About this exercise: Your response should consist of the entries below, reproduced exactly and without their images.

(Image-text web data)
....

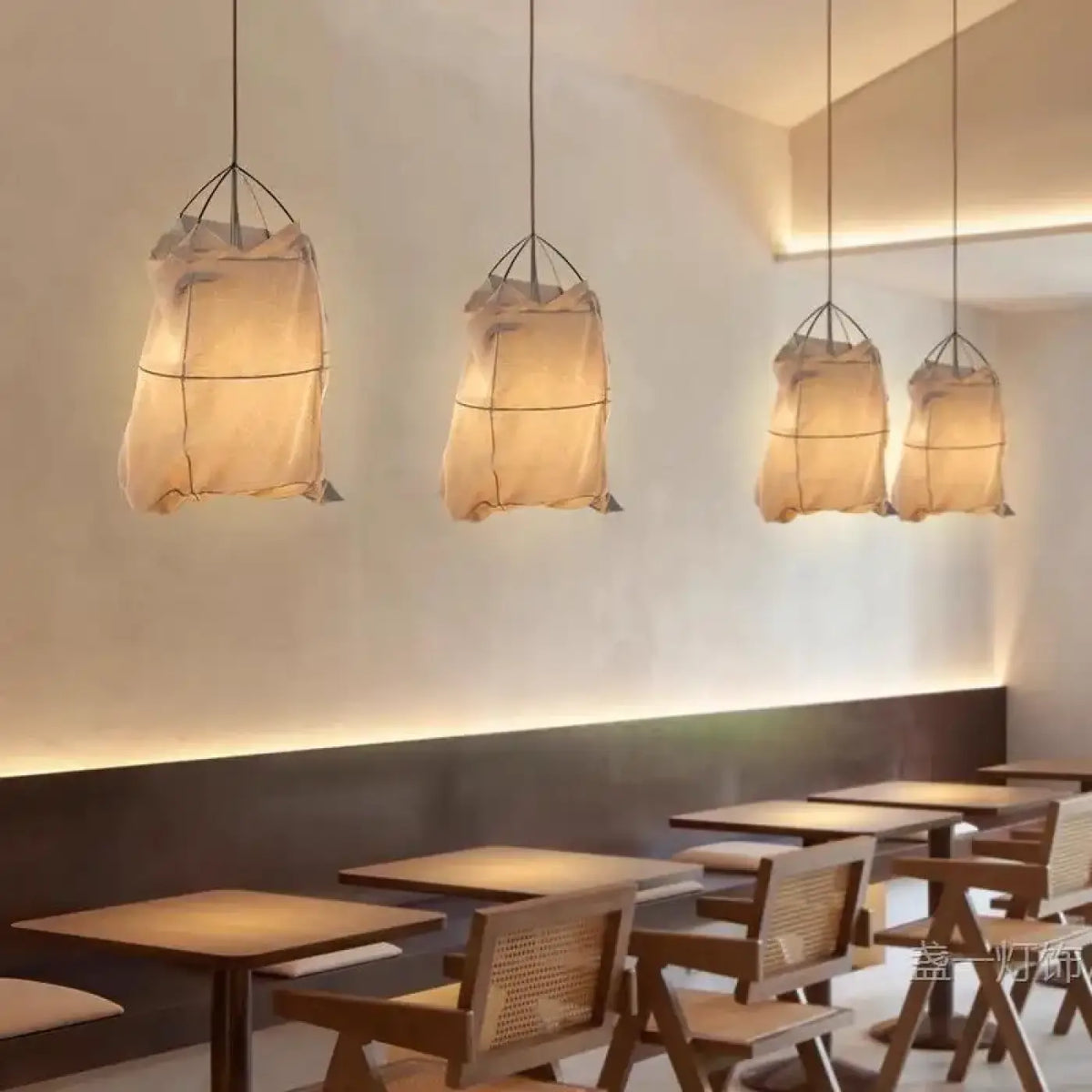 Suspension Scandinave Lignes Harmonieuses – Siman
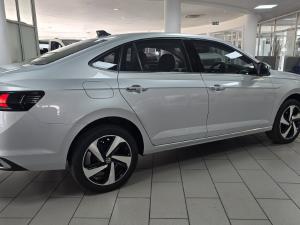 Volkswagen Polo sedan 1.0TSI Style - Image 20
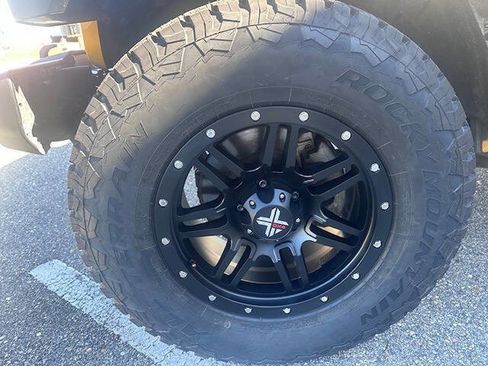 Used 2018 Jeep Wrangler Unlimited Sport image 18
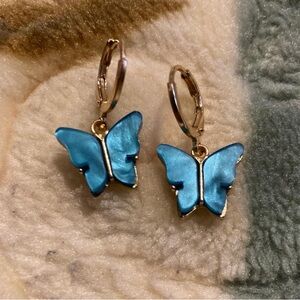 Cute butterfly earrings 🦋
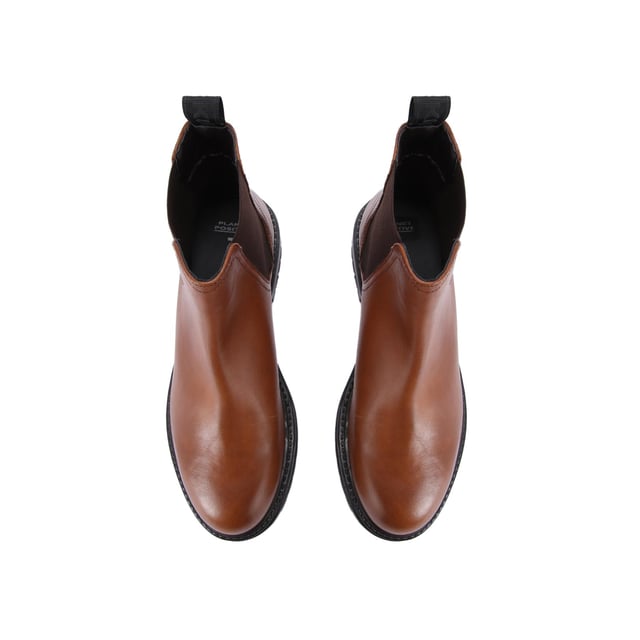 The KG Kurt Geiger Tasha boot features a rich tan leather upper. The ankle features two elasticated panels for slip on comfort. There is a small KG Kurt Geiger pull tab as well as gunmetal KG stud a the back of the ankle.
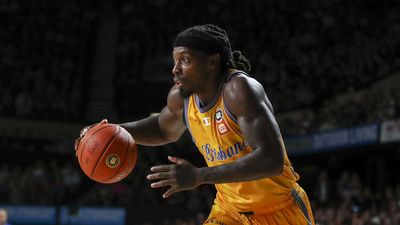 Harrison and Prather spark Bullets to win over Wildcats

....

Answer box:
 Suspension Scandinave Lignes Harmonieuses – Siman
 Volkswagen Polo sedan 1.0TSI Style - Image 20
 Used 2018 Jeep Wrangler Unlimited Sport image 18
 Cute butterfly earrings 🦋
 The KG Kurt Geiger Tasha boot features a rich tan leather upper. The ankle features two elasticated panels for slip on comfort. There is a small KG Kurt Geiger pull tab as well as gunmetal KG stud a the back of the ankle.
 Harrison and Prather spark Bullets to win over Wildcats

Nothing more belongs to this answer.